Saturday 18 July 2009

Three Wise Girls (1932)

Director: William Beaudine
Stars: Jean Harlow, Mae Clarke and Marie Prevost

When a classic film is based on a story called Blonde Baby, whether you picture Marilyn Monroe or Jean Harlow in the lead depends only on your generation. This one is a 1932 precode, so that answers that question: Marilyn was only six years old so we're watching the original blonde bombshell, not her more famous successor. More importantly it's a rare Jean Harlow that fills another gap for me: I've seen the fifteen films she made after this one so now I'm down to only one post-Platinum Blonde to go. I wonder how many years I'll have to wait for that one.

Here she's playing Cassie Barnes, a small town girl who's struggling with all the usual problems that small town girls suffer with. She lives with her mother, where they get to share the same bed and make do on her meagre earnings, and she keeps losing jobs because her bosses think they can take liberties. However she has an old friend called Gladys, who pulls in $200 a week as a model at Andre's Gowns in New York and sends lots of cool gifts back home to the folks. So naturally off goes Cassie to join her and life is good with Gladys landing her job at Andre's too.

Well life is mostly good. There's one big problem: our heroines have a habit of falling in love with the wrong men. Gladys is besotted with a wrong man called Arthur Phelps. It's bad enough that his wife won't let him get divorced, but what's even worse is that we don't believe a word he says because the first time we meet him he tries it on with Cassie while Gladys is getting ready in another room. And while Gladys warns her against following suit, naturally she promptly follows suit, falling for a wrong man called Jerry Wilson (Jerry Dexter in IMDb, for some reason).

Now Jerry is in precisely the same spot, but it's not quite as simple as the situation that Gladys is in. She says that when they're rich and handsome and you're in love with them, they're always married, and it's true here, but unlike her wrong man Cassie's wrong man can get a divorce. He does too but this wasn't ever meant to be a simple love story, so we get a whole bunch of misconceptions, shouting matches and turned backs before we get to our finale, and being a precode it isn't going to be a happy ending for everyone.

It's obvious that the script was written by a woman because of all the little touches, which gifts the third name in the film most. Marie Prevost always plays a bubbly character that underpins the leads and she was great at it. Here she's even better than usual because she's given little gems of dialogue that mean nothing on their own but add up to a real treat when put together. The second name is Mae Clarke, playing Gladys Kane, who acts circles round Jean Harlow but is still not as interesting to watch.

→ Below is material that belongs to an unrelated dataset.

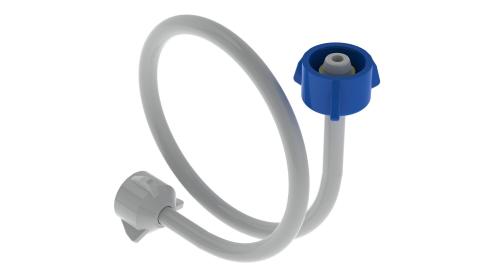 Bathroom Water Supply Lines Image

There was something about Jean Harlow and it's hard to describe what it is. In the earliest film of hers that I've seen, 1930's Hell's Angels, she was frankly terrible, but she progressed up through The Secret Six and The Public Enemy to Platinum Blonde, where she utterly caught the moment. By the time she got to Red Dust in 1932 she ruled the screen, but it took her much of her career to really learn how to act. Her best films are really the last ones, films like Libeled Lady and Saratoga where she was up to the standard of her co-stars.

It's fascinating to watch her learn and progress and build her skills. Here she still can't act but her voice is mostly there. It's like she'd learned how to speak her lines with the right intonation and the right inflection but was concentrating so much that she couldn't make her face act at the same time. But even while she learns she was magnetic to the eye. It's hard to look at anyone else in a Jean Harlow film, because there's something that commands you to watch her. Perhaps it's her unpredictability, perhaps her charisma. Whatever it is it was there from the beginning and it never left her, even as she learned to act.

The film itself is not that bad but it's not that great. Jean Harlow struts her stuff while Mae Clarke anchors her and Marie Prevost makes us laugh. The men aren't much to write home about: Jameson Thomas is suitably sleazy as Arthur Phelps and Walter Byron does a fair job at decency as Jerry Wilson. Andy Devine is almost unrecognisable as Wilson's chauffeur until he opens his mouth and then, of course, it couldn't be anyone else. The story is there to let them do their thing and little more, and it's a little confusing at points. I must have blinked when Cassie moved to New York and it took me a little while to work out that she was there. It looks OK, it sounds OK and well, it's just OK.